Friday, November 4, 2011

Data Migrations As Acceptance Tests

While I have previously said that on migration projects both verification and regression tests are important, does it mean that the two should be separate? Like first, let's migrate the data, and then we'll rewrite the functionality, right? Or let's do it the other way around - we'll talk with the customer, incrementally figure out their requirements, deliver the software (with a proper regression test suite) that satisfies them, and then we migrate. Both approaches have problems:



  • customers want to use the software with their current, real data - having only the data and no application to use it with is no value to them. Neither is having only an application with no data in it

  • real data has lots of surprising scenarios that the domain expert might have forgotten to specify (see caveats though)

  • requirements are not static, and new ones will be introduced during the development process, that inevitably will cause the new application's models to change, which means that the migration has a moving target it needs to migrate to.


Doing them in parallel


If the data source is organized chronologically (order by date in the migration script), and organized in a format that resembles what the system's end users will enter into the system, then we can use the new application's outmost automatable entry point (Selenium, HTTP POST, a module's public API) to enter this data during the migration from the old system to the new.


Why


While a clear disadvantage of this approach is speed of the migration - it will be likely slower than an INSERT INTO new_db.new_table select .... FROM old_db.old_table join ... where .... statement, but in the case of non-trivial migrations it will likely compensate for the slowness, because:



  • changes to the new system's code/data structure become a problem localized to the new application code - no headaches to update the migration scripts in addition to the code

  • when the client requests the demo deployment to be in sync with the old system, the code is ready (spare for the part to figure out which records have changed)

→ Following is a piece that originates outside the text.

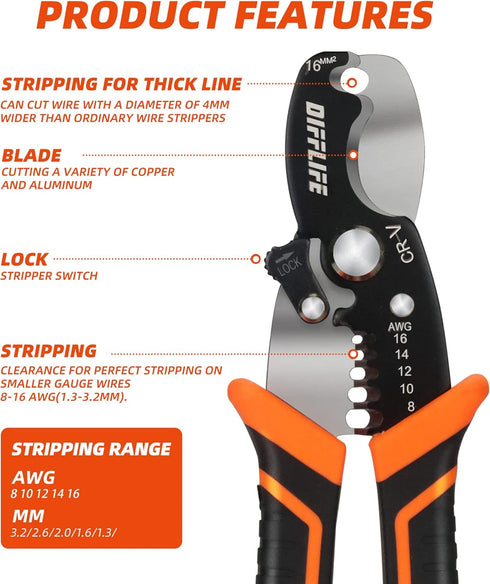 Multi Tool, Wire Stripper, Wire Cutters, Crimper Tool , Multi-Purpose Electrician Tool is 7-Inch Long multifunctional scissors...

  • the legacy data edge cases provides focus - no need to invent corner cases, for there will be enough in the data

  • likely there will be releasable functionality sooner than with either of the above approaches


How


First, create the acceptance tests for the migration:



  • Pick the data to be migrated

  • find the view in the original system that displays this data to the users and find a way to extract the data from there

  • define the equivalent view in the new system (it's about end to end, user visible features!)

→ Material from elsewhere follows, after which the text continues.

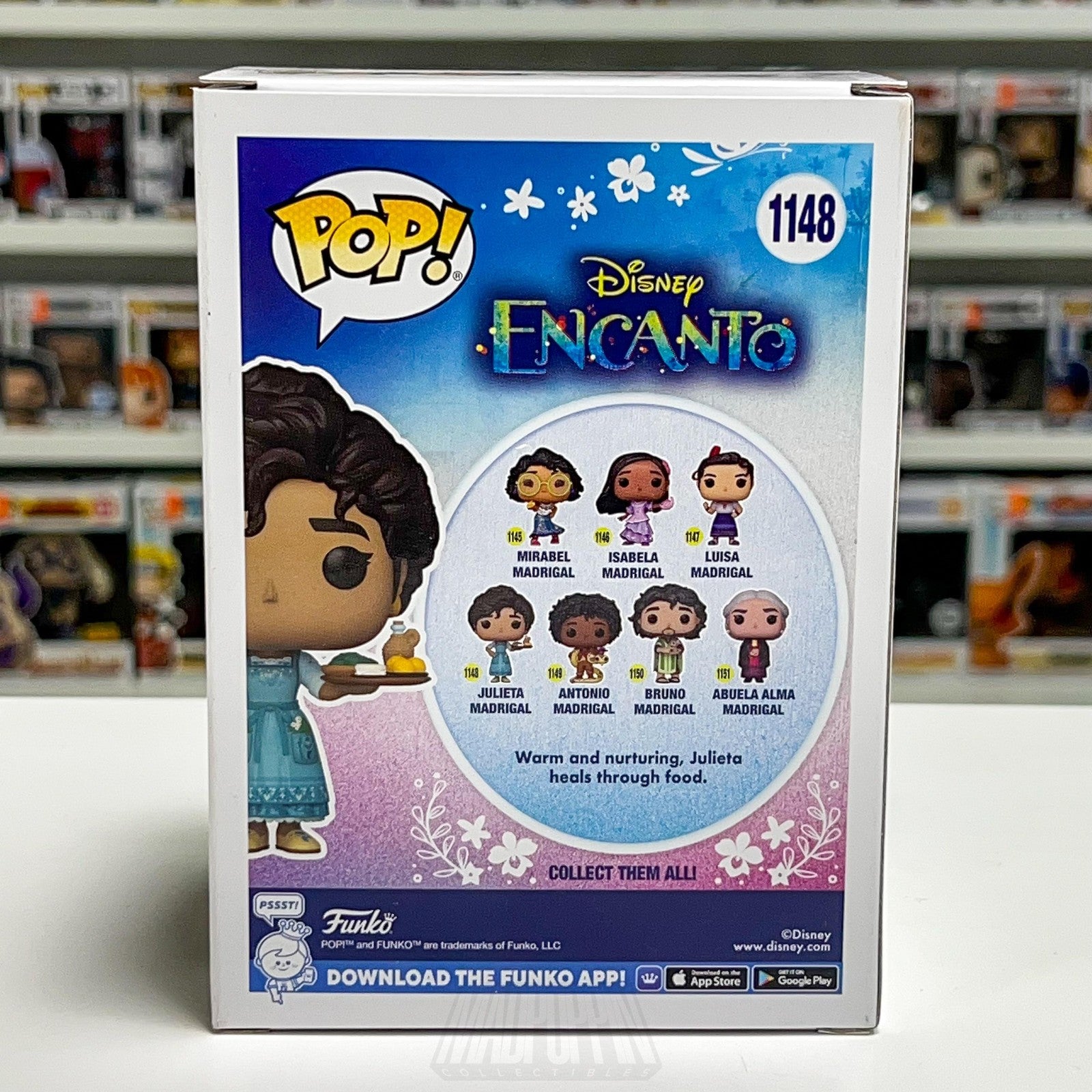 Funko Pop Disney Encanto Julieta Madrigal #1148 Vinyl Figure Toy New in Box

  • write the verification script that compares the above two (be sure to list the offending records in the failure message!)

  • define the data entry point in the new system

  • write the migration script - extract from the old system, transform if needed (only to match the entry points expectations of the format - no quality verification as in classic ETL!), then send it into the new system (using the above defined entry point)


At this point both the new view, and the data entry points are empty. From here on, the TDD cycle becomes a nested loop



  • run the migration script. See which record it failed for

  • analyze the failing acceptance test, and find the missing features for it

  • (A)TDD the missing features

  • run the migration script to restart the cycle


Caveats


While the existing data makes one focus on the real edge cases instead of the imagined one, beware - not everything has to (or can be) migrated - for instance, in a payment system, the system used to accept many currencies in the past, but now only . IN this case, possibly the currency exchange handling logic could be dropped in the new system (and just to store the currency in a char field for the old ones); or in some other domains, maybe only the last ten years' data is needed. However, this should be a business decision, not a decision for a developer!


Source Data Quality is often a problem, one that will likely cause issues. If data needs to be fixed (as above, ask the stakeholders!), it should stay out from your application's code, and be in the Transform part of the migration script.